Административная карьера отнюдь не привлекала его, но высокое чувство ответственности, которое Адам вынес из концентрационного лагеря в Ядвиге, подготовило его для этой деятельности. Занимаясь и бюджетом больницы, и ее политикой, он не оставлял и хирургическую практику.

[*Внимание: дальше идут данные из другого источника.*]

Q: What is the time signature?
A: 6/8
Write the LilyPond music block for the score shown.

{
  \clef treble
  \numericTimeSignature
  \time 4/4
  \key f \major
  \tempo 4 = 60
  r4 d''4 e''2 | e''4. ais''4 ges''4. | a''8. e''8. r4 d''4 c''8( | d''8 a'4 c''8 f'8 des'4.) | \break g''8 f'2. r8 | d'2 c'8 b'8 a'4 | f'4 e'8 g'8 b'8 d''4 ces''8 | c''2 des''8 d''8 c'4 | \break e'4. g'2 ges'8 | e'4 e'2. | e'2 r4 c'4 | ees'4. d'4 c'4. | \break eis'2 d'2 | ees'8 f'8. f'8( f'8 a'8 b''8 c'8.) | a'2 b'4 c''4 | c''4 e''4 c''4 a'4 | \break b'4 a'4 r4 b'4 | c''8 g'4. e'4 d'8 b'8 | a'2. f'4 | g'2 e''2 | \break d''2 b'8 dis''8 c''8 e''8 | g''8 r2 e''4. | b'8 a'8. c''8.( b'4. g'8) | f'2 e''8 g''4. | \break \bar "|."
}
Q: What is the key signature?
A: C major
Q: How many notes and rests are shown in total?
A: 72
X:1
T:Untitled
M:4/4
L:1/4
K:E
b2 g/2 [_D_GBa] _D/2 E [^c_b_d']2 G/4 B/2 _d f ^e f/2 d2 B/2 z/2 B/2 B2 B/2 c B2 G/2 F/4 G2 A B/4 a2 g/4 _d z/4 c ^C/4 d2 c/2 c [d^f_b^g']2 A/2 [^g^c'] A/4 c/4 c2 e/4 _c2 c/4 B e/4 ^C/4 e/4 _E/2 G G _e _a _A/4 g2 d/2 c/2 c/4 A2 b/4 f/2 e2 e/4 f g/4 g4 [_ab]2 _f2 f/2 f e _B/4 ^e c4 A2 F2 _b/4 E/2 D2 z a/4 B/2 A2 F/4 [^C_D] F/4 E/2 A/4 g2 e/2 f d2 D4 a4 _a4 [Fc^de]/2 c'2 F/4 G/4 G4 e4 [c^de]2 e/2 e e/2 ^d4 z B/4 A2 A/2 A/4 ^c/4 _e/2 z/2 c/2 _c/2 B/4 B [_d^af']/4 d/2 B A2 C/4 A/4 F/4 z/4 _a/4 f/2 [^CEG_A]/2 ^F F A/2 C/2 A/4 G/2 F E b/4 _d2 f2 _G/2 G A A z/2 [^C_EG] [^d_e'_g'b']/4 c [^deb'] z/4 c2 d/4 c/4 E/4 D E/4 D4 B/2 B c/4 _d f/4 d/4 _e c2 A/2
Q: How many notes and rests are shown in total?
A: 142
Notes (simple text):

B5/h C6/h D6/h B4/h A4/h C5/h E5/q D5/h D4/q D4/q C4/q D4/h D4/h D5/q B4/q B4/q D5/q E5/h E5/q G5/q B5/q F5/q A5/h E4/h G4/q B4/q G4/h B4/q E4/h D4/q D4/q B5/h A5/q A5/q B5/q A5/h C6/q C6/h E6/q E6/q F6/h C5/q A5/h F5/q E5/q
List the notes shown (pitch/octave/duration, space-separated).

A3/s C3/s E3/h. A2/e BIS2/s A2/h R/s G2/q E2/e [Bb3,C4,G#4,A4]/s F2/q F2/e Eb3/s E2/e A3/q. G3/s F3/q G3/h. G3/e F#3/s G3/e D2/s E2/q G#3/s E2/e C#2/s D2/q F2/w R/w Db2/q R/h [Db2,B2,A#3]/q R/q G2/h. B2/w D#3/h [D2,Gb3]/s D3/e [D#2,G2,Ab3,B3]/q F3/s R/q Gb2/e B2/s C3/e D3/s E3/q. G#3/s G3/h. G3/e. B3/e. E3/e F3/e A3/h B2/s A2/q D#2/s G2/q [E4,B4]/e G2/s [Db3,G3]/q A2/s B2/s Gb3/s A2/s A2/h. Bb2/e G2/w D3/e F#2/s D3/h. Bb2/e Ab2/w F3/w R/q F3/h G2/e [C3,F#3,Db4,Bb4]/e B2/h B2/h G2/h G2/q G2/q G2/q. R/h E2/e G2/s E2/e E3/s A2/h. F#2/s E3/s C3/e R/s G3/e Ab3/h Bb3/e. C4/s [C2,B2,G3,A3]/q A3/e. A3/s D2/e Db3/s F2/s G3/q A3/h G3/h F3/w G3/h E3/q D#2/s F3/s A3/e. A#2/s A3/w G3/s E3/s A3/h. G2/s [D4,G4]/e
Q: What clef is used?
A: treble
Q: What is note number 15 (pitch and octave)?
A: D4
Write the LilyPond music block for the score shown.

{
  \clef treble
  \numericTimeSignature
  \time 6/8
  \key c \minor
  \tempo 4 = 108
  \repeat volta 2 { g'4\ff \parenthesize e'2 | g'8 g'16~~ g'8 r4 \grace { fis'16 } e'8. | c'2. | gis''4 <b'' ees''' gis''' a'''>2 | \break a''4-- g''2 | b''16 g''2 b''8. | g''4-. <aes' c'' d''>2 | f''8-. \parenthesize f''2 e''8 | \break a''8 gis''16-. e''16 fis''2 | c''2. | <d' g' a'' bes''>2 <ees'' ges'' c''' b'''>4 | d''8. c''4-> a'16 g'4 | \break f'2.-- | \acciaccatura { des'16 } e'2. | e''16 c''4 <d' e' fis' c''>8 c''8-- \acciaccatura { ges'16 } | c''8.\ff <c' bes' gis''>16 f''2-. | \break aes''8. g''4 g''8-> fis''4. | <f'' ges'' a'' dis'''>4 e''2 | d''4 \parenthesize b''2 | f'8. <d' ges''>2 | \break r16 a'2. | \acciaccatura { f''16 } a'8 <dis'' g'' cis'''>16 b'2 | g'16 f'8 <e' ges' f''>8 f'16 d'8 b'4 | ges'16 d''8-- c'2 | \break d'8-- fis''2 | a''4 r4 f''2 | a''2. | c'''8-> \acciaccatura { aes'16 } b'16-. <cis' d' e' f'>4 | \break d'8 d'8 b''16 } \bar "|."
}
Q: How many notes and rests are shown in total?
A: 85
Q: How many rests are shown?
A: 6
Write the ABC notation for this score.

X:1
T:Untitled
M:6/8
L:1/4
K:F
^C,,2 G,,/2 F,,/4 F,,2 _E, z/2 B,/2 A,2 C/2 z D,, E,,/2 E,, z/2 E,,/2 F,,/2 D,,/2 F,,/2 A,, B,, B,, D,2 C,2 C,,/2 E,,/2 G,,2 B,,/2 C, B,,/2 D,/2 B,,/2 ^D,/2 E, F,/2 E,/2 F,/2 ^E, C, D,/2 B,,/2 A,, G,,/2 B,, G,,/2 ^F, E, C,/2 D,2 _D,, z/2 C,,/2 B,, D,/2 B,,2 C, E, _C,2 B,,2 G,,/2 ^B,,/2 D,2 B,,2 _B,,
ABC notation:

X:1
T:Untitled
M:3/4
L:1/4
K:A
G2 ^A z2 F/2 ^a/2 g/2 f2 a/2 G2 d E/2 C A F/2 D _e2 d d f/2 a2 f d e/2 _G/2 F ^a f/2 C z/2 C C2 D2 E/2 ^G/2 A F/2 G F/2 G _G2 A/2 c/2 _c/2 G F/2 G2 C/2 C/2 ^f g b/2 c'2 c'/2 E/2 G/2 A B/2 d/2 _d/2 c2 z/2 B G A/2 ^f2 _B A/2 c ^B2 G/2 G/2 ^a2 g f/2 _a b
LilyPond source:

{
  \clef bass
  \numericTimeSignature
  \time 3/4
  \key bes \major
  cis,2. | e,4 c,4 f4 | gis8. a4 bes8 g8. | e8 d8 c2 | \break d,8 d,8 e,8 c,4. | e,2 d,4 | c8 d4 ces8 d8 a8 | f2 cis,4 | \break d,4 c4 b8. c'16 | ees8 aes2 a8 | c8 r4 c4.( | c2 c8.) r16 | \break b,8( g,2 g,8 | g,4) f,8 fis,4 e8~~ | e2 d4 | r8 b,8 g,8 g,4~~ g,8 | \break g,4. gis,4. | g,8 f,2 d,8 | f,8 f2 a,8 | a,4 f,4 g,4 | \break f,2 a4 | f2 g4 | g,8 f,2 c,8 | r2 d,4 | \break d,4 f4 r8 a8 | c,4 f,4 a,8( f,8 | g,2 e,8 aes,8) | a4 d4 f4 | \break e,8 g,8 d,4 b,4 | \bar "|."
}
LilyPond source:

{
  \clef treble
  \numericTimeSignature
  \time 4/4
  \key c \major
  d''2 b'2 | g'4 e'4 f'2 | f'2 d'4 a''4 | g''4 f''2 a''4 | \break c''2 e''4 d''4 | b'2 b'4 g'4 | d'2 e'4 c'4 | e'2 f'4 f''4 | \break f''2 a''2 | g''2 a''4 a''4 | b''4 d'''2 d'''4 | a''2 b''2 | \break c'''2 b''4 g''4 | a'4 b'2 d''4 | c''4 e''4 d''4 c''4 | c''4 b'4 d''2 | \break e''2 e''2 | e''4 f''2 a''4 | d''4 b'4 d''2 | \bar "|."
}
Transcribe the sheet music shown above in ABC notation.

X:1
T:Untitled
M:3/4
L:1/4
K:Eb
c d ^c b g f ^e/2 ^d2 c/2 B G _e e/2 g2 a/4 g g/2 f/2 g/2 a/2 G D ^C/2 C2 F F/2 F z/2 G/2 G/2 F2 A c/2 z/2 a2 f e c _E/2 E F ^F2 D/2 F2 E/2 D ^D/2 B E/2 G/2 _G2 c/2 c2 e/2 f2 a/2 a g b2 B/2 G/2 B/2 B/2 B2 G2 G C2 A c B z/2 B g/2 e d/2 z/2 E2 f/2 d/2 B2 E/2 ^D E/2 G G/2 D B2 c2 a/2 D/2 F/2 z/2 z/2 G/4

И как он был рад возвращаться после работы домой. Коттедж семьи Кельно в Грумбридж-виллидж был всего в нескольких милях от больницы. Живот Анджелы волнующе округлялся, и по вечерам они, как всегда в молчаливом согласии, прогуливались по тенистым тропинкам, а затем пили чай в уютном маленьком кафе. Адам стал выпивать куда меньше.
Июльским вечером он покинул больницу и двинулся к центру городка в машине, на заднем сиденье которой лежали покупки, заботливо уложенные туда санитаром. Купив букет роз, он направился в Грумбридж.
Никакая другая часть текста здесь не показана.